L’arme du troisième quart temps

Dans les installations du LLNHC, le Racing est rapidement mené 0-2 lors de la première rencontre face à la Gantoise. De quoi faire ressurgir les fantômes des quatre dernières finales perdues ? « Nous n’étions pas du tout dans cet état d’esprit-là. Nous savions que nous étions arrivés en finale parce que nous avions travaillé pour et le but était de garder notre plan de jeu. Le staff a fait un super boulot qui nous a permis de faire abstraction du contexte. À 0-2, pour le même prix, on s’écroulait, mais nous sommes revenus à 2-2. » Le dimanche, avec près de 3700 supporters présents dans les tribunes, l’ambiance était grandiose pour assister au bouquet final. Rapidement mené 0-1, le Racing allait égaliser par Tanguy Cosyns juste avant la mi-temps. « Nous n’avons pas paniqué car cette saison, nous avions souvent fait la différence dans le troisième quart temps. Et c’est exactement ce qui s’est passé puisque Tanguy a encore inscrit deux goals en trente secondes. En menant 3-1 à l’entame du dernier quart temps, nous avons logiquement été dominés par la Gantoise, qui a poussé pour finalement revenir à 3-2. Les jeunes ont tout donné et les cadres ont su faire la différence sur l’ensemble des deux matchs». Le Racing, et plus particulièrement ces deux clubmen, Jérôme Truyens et Jeremy Gucassoff, pouvaient enfin laisser exploser leur joie, et savourer ce titre de champion de Belgique !

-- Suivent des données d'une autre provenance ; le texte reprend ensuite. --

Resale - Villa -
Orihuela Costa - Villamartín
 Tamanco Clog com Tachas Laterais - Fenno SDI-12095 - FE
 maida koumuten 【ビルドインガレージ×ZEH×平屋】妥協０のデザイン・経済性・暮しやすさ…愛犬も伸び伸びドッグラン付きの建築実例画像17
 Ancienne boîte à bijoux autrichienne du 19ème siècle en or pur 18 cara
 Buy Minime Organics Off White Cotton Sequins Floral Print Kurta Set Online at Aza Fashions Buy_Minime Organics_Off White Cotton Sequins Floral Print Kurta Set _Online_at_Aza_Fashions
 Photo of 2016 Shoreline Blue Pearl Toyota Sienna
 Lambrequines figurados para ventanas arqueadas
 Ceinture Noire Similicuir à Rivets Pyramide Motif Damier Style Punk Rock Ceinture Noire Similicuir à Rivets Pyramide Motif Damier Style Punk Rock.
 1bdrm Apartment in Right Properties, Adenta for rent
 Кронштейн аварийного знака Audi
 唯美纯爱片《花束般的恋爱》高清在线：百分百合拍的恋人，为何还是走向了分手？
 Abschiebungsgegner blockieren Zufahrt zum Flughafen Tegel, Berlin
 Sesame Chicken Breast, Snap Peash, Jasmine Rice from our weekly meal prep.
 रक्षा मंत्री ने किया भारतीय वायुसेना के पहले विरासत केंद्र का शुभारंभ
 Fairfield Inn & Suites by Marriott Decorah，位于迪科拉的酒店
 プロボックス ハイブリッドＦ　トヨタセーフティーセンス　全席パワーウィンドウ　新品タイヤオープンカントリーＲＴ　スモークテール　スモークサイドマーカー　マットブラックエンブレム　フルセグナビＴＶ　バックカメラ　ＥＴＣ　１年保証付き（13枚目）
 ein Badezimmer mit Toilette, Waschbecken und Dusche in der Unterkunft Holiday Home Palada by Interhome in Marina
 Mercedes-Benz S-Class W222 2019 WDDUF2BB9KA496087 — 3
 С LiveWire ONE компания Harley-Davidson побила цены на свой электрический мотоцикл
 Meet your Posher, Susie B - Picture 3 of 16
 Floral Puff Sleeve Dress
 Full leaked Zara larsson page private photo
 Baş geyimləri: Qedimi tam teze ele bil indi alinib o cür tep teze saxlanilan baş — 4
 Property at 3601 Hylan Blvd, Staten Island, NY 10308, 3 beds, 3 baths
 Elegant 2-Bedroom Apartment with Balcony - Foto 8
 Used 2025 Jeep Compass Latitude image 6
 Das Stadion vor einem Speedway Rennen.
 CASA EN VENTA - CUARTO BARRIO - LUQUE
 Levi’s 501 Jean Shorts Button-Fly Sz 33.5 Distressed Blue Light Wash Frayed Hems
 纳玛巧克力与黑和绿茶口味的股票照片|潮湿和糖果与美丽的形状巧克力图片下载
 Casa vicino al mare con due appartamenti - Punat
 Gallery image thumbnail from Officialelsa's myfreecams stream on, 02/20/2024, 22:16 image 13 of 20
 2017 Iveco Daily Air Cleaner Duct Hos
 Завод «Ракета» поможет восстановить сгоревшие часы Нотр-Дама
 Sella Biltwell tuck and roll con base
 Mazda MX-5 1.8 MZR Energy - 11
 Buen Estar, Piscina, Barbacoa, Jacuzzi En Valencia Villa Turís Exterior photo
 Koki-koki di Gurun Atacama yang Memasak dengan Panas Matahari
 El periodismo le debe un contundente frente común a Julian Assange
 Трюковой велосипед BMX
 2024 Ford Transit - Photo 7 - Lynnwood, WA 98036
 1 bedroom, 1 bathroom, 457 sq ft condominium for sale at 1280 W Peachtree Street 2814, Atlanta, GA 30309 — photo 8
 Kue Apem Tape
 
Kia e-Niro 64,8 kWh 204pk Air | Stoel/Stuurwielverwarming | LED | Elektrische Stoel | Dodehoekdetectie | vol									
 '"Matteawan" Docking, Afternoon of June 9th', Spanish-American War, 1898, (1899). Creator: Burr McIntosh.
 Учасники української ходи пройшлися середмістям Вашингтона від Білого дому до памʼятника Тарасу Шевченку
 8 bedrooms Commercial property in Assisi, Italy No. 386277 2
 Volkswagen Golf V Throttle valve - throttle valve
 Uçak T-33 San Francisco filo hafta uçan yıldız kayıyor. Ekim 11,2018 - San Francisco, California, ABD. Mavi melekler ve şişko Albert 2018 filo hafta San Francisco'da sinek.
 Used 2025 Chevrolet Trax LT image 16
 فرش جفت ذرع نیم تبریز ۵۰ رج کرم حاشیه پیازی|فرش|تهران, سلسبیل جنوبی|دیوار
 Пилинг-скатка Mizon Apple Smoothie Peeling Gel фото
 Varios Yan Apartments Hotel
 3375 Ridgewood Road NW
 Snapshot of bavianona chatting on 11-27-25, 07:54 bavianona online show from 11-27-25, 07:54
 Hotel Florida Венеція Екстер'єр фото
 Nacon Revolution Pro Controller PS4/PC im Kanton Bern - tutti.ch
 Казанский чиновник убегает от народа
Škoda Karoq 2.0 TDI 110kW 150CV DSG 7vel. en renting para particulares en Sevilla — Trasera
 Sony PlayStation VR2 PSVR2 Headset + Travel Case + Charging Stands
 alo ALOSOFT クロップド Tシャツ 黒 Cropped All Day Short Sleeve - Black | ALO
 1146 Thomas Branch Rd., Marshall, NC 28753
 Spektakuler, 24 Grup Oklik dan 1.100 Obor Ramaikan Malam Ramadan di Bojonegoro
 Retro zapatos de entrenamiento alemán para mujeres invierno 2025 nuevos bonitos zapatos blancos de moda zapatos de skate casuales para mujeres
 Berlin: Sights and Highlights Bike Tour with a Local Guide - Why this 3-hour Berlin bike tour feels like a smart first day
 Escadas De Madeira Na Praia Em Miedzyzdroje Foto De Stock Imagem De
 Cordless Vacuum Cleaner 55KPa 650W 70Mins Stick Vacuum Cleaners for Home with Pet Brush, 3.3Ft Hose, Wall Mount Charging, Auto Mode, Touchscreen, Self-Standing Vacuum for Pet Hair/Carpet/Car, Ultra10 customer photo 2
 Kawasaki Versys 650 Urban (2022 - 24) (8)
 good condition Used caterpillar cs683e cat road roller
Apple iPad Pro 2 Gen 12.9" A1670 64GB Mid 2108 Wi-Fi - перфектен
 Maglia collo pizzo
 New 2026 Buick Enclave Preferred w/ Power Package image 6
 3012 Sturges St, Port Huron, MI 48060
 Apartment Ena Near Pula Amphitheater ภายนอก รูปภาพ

La suite, c’est une communion parfaite entre les joueurs et leurs supporters, qui ont pu fêter le 6ème titre des messieurs — dans l’histoire du club —  à Louvain-la-Neuve, avant de rejoindre l’avenue des Chênes, où la fête a duré jusqu’aux aurores. « C’était un moment historique, il suffisait de voir l’engouement de tous les anciens présents dimanche soir pour comprendre ce que représente ce titre pour le Racing ! » Sur un petit nuage, le papa de Zoé et Jade nous confirme qu’il continuera l’aventure avec les Rats — encore au moins une saison — avant de discuter avec les dirigeants pour trouver son digne successeur.